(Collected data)
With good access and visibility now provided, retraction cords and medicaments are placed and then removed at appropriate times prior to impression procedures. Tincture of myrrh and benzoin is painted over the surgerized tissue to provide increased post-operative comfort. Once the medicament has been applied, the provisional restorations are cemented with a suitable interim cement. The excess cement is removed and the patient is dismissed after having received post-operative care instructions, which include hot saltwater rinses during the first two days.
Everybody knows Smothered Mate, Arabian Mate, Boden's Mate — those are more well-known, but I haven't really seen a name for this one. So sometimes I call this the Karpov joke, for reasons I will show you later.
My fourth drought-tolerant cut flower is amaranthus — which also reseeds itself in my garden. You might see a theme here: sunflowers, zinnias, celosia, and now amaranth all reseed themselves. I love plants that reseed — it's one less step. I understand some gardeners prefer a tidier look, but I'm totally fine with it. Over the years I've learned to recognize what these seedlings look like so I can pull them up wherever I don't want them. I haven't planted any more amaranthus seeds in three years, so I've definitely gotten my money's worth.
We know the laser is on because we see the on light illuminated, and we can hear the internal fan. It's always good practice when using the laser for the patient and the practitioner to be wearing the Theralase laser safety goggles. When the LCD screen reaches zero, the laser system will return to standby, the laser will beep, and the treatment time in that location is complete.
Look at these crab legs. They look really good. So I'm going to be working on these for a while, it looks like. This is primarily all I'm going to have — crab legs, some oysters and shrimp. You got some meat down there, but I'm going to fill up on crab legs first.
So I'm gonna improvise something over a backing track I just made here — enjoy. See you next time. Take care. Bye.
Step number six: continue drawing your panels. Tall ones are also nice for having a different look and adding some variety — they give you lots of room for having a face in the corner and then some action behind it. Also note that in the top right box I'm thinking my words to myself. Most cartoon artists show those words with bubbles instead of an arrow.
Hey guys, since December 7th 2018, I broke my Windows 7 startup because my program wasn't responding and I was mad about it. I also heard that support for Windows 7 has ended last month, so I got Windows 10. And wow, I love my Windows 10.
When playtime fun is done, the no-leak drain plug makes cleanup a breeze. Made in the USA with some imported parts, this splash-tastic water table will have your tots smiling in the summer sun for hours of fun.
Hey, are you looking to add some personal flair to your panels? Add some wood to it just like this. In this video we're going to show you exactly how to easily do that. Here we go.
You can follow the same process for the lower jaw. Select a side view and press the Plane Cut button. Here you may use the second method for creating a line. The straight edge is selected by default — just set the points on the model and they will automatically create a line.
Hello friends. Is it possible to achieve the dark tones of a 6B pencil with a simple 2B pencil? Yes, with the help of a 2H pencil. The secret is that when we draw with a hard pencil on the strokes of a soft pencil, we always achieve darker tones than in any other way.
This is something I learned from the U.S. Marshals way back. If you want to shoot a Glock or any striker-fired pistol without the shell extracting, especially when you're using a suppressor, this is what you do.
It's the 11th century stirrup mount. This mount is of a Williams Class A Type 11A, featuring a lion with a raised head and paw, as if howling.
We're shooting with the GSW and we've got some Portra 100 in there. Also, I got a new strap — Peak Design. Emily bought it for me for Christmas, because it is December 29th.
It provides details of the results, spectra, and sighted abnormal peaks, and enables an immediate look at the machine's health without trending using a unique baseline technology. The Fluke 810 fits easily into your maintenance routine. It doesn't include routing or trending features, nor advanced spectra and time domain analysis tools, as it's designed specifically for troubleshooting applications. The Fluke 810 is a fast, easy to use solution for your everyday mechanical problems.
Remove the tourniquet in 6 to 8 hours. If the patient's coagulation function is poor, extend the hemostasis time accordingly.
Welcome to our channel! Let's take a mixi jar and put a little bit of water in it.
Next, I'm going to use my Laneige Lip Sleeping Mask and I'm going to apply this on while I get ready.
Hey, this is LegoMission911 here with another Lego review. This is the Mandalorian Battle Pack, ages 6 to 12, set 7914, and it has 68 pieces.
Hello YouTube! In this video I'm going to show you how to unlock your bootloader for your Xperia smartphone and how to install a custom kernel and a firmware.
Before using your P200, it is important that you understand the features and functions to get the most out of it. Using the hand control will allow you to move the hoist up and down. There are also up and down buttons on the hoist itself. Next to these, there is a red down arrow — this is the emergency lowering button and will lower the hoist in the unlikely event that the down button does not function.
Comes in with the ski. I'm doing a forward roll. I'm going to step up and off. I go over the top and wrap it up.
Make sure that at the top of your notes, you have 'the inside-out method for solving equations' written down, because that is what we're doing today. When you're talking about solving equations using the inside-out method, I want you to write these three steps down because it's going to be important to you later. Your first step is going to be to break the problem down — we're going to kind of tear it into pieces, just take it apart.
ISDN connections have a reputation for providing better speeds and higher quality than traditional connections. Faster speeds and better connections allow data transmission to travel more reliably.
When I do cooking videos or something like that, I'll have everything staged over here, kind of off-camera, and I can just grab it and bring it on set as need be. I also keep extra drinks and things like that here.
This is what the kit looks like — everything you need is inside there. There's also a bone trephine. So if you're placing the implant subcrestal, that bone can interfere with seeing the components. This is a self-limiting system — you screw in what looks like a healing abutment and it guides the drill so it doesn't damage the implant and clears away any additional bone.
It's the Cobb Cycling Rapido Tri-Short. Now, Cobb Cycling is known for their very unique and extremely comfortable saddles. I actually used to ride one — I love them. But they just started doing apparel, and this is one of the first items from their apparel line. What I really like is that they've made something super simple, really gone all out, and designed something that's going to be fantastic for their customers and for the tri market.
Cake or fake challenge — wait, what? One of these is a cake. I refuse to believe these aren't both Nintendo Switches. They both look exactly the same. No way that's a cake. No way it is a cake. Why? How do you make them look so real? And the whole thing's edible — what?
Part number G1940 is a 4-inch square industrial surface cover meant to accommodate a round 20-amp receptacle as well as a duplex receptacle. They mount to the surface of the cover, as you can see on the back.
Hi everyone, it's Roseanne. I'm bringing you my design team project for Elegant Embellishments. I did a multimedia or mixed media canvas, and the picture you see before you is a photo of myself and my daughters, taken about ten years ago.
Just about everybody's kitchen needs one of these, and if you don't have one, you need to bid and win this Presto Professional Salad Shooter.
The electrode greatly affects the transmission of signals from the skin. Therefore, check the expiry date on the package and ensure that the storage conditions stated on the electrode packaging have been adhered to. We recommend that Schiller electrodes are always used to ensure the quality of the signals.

### What this task involves
Going from the line that has "Hi everyone, it's" through the last line of the entries, retype each line exactly as given and add nothing.

### Exercise output
Hi everyone, it's Roseanne. I'm bringing you my design team project for Elegant Embellishments. I did a multimedia or mixed media canvas, and the picture you see before you is a photo of myself and my daughters, taken about ten years ago.
Just about everybody's kitchen needs one of these, and if you don't have one, you need to bid and win this Presto Professional Salad Shooter.
The electrode greatly affects the transmission of signals from the skin. Therefore, check the expiry date on the package and ensure that the storage conditions stated on the electrode packaging have been adhered to. We recommend that Schiller electrodes are always used to ensure the quality of the signals.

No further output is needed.